We started touring with The (International) Noise Conspiracy, and people started coming up to me and saying, “Man, I really love the new Refused record.” My friends in the States would call me and tell me that we were on MTV all the time, and I would tell them that we broke up, and that I didn’t know what was going on. There was a weird thing, like you have a new band, and trying to do your thing with your new band, and people keep bringing me back into Refused. I’m like, “I have a new band.” This was when the wounds were still pretty fresh and I didn’t want to talk about that.
But you could tell that that record resonated with people. It came at the right place at the right time. In a lot of ways, I am really glad that we were broken up when that happened because it gave us time to actually have a decent relationship with that record. When everything was said and done we were like “fuck it,” there weren’t a lot of happy memories with that recording, especially from the last year with that band. Now we can look back like “holy shit, we were kind of idiots.” Then time goes by and me and Dave started hanging out again and became friends and actually go back, listen to the record, and talk about how good it is. Getting back together with the band was not on my agenda. Even though I kind of toyed with the idea. One day the stars aligned and here we are, talking about Refused.
It’s interesting when you have hindsight. When you’re young and you’re working, there are a lot of things to come to terms with what your place is in the world and how your past reflects on your present and your future. For a long time I didn’t want Refused to be what defined me. For a long time I was just like “fuck that” it was just something I did. But then you grow up, you get some distance to your past. If Refused never played another show from now until infinity, in 20 years you and me would still be talking about Refused. It’s kind of a cool thing. Growing up in Sweden, in the middle of nowhere, punk rock and Refused will define me for the rest of my life, even if I don’t play another song.
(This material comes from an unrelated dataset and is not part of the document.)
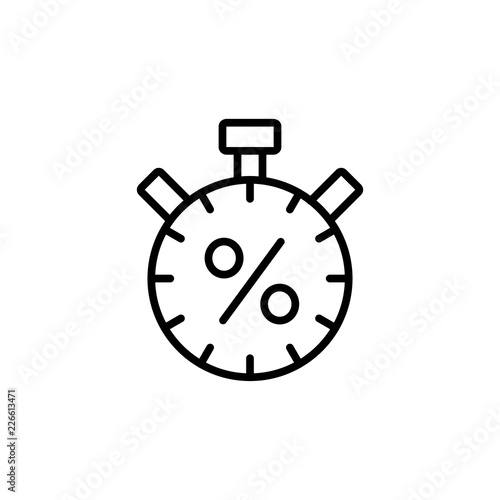 accumulation concept. chronometer and percent line outline black vector icon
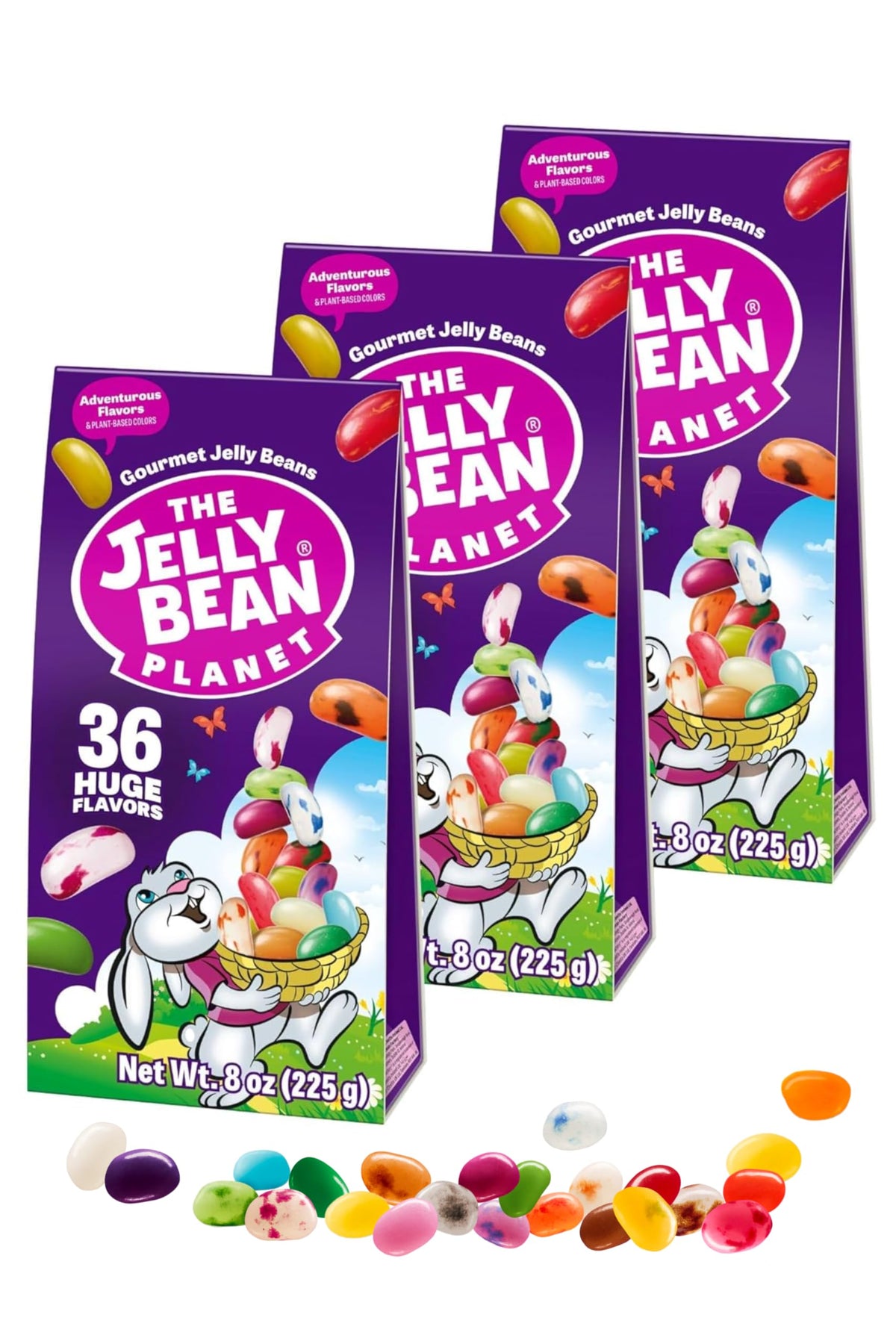 The Jelly Bean Planet Easter Jelly Beans, Pack of 3, 8 oz x 3 - Gourmet Jellybeans with 36 Natural Fruit Flavors, Gluten Free, Fun Easter Candy Gift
It’s a tricky thing — how much of the past do you let define who you are. It’s the same with people expectations of that as well. Sometimes we will show up to play a show with INVSN, and, it’s inevitable, there will be a guy in the audience with a hardcore t-shirt on looking really disappointed.
File Photo: Owen Ela
mxdwn: All this begs the question. Will we hear another Refused record in the near future?
Lyxzén: We started the process of writing new material. It’s early on, but it’s happening. I don’t think there will be new music from Refused until at least next fall. It is in the early stages, but there are a bunch of songs written, stuff that has been recorded and [we’re] feeling out where the music will take us. It’s a different process since last time. With the Freedom record we set a huge amount of time aside to practice and record. Now, everyone is so busy we have to schedule our time better. It’s a bit more fragmented, which is a very different process than last time. It makes it interesting, which is a reaction to last time when we practiced too much and too hard. But, it’s an interesting process. And definitely in the early stages.
mxdwn: What’s next for INVSN?
Lyxzén: We did a tour of the states in September of 2017. We are actually working on recording a new INVSN EP. If there is a general plan laid out it’s new INVSN this spring, followed by a tour until fall when the Refused machine starts again.